La realidad es que la población ha terminado asumiendo que las cosas de la cultura solo afectan a y tienen que ver con «los de la cultura»

Mientras la izquierda se niegue a aceptar una aproximación no instrumental de la cultura –o deje de asumir por inercia su abordaje como ocio y espectáculo–, mientras no sepa qué hacer con ella, mientras no despliegue una reflexión profunda sobre la contribución de las políticas culturales y no las entienda como un campo de acción política, seguirá desaprovechando toda su potencia. Quizá sea aún más preocupante el divorcio que, desde hace demasiado tiempo, se manifiesta entre la sociedad y la cultura. A pesar de que, como exponía al principio de este capítulo, la cultura comparte con otros movimientos sociales transversales como el ecologismo o el feminismo la capacidad de transformar nuestra vida cotidiana desde sus mismos cimientos y determina nuestros modos de vida, entre la población existe una sensación de ajenidad general con respecto al estado de salud de la cultura, y cunde la percepción de que las políticas culturales no son algo que tenga que ver con la gente corriente. Ya sea por causa de una idealización de lo cultural que provoca que el ámbito se atribuya en exclusiva a competencia de especialistas, o, por todo lo contrario, su conceptualización como mero producto de consumo, la realidad es que la población general ha terminado asumiendo que las cosas de la cultura solo afectan a y tienen que ver con «los de la cultura».

Los movimientos sociales de las mareas ciudadanas en defensa de los servicios públicos que se produjeron en el Estado español en torno a 2011-2012 ofrecen un claro ejemplo de ello. Tanto la marea blanca para defender la sanidad como la marea verde contra los recortes en la educación estaban integradas e impulsadas por sus correspondientes comunidades de profesionales, usuarios y familiares, unidos por la defensa de un derecho y de un bien común. Los recortes que se experimentaron en el ámbito de la cultura fueron igual de salvajes, pero sus movilizaciones las nutrieron y se hicieron eco de ellas casi en exclusiva los profesionales del sector; apenas hubo presencia de ciudadanos que defendieran su derecho a la cultura.
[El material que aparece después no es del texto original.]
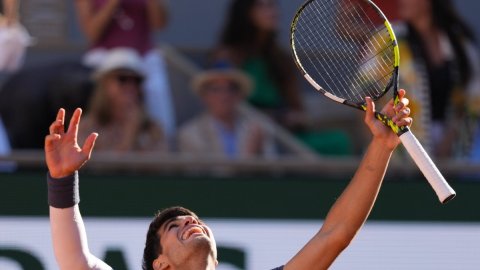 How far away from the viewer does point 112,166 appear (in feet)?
21.2

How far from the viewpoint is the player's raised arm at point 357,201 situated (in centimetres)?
416

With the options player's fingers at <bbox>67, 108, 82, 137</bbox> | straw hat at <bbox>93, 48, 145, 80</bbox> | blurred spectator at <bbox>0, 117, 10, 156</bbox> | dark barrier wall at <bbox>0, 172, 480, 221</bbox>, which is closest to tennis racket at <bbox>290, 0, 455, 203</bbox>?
dark barrier wall at <bbox>0, 172, 480, 221</bbox>

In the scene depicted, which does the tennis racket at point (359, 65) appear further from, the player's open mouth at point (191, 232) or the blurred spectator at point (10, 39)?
the blurred spectator at point (10, 39)

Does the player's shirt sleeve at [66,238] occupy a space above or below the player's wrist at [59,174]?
below

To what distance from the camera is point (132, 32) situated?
7.52 metres

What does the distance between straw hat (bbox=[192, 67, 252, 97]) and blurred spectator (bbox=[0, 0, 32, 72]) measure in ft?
3.30

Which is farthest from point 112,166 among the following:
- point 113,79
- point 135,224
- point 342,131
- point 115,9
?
point 342,131

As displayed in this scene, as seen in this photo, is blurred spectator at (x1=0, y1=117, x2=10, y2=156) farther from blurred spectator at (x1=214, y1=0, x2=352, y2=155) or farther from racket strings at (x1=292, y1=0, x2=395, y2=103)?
racket strings at (x1=292, y1=0, x2=395, y2=103)

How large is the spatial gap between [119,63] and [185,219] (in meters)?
2.84

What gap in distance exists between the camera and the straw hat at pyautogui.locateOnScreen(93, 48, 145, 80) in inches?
283

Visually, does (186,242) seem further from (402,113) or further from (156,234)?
(402,113)

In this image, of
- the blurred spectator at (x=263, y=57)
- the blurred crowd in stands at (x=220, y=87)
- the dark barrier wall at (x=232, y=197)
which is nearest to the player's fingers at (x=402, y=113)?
the dark barrier wall at (x=232, y=197)

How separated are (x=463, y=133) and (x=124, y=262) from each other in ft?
6.84

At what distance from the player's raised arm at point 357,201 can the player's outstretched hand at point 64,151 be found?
76cm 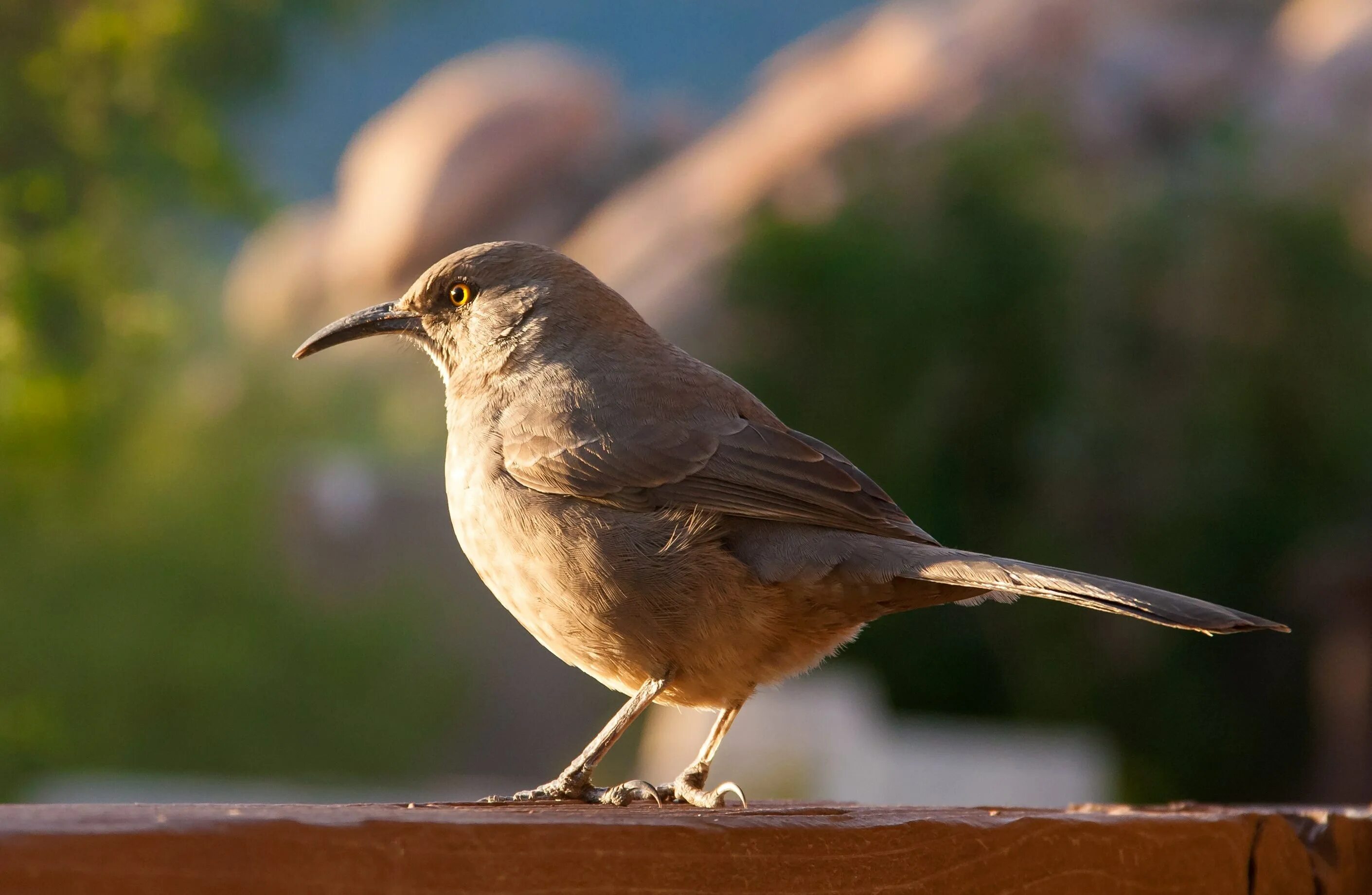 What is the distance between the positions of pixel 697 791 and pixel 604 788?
0.29m

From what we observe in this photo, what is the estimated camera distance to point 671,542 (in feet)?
8.88

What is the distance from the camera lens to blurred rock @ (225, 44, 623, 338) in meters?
22.5

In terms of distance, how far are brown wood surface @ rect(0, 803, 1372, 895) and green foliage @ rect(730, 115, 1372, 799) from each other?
13079 mm

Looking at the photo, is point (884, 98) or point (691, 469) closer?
point (691, 469)

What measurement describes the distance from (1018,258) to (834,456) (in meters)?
14.4

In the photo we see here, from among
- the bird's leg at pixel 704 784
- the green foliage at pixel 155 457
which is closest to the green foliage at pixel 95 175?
the green foliage at pixel 155 457

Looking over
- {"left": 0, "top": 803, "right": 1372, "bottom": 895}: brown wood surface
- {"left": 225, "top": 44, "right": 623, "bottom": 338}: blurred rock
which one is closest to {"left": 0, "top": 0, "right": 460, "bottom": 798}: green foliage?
{"left": 225, "top": 44, "right": 623, "bottom": 338}: blurred rock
Es cierto que cuando se pregunta a la gente por la importancia que tiene la cultura en la sociedad el porcentaje que afirma que la cultura es muy necesaria resulta muy elevado. Sin embargo, si lo que se pregunta es cuánto afectaría a su vida que la biblioteca o el centro cívico de su barrio cerrara, las respuestas dibujan un paisaje distinto. Es como si existiera una disociación entre lo que pensamos que «debe» importarnos la cultura y lo que realmente consideramos que esta interviene en nuestra propia vida, como si la cultura fuera fundamental como valor abstracto, pero no tuviera tanto que ver con lo que nos sucede en el día a día. Hay algo en esta percepción que no puede extrañarnos, pues las políticas culturales nunca se han hecho pensando especialmente en la gente. La falta de relevancia social de la cultura es en buena parte consecuencia de la acción de unas políticas culturales públicas que llevan décadas separando la cultura de la vida cotidiana, encerrándola en un sector para especialistas y minusvalorando su naturaleza como derecho y bien común. Como dijo en una ocasión el escritor Sergio C. Fanjul, el problema es que la cultura se ha concebido «como un lujo para las élites, como una forma vacua de distinción, como un acceso al gafapastismo y no como una forma de construcción del individuo o de creación de comunidad». Así, el sentimiento es recíproco: si la población general siente que las políticas culturales no están dirigidas a ella ni tienen impacto en su día a día es, en cierta medida, lógico porque las políticas culturales apenas se han preocupado por la gente.


Este es un fragmento de ‘Cultura ingobernable’ (Ariel), por Jazmín Beirak.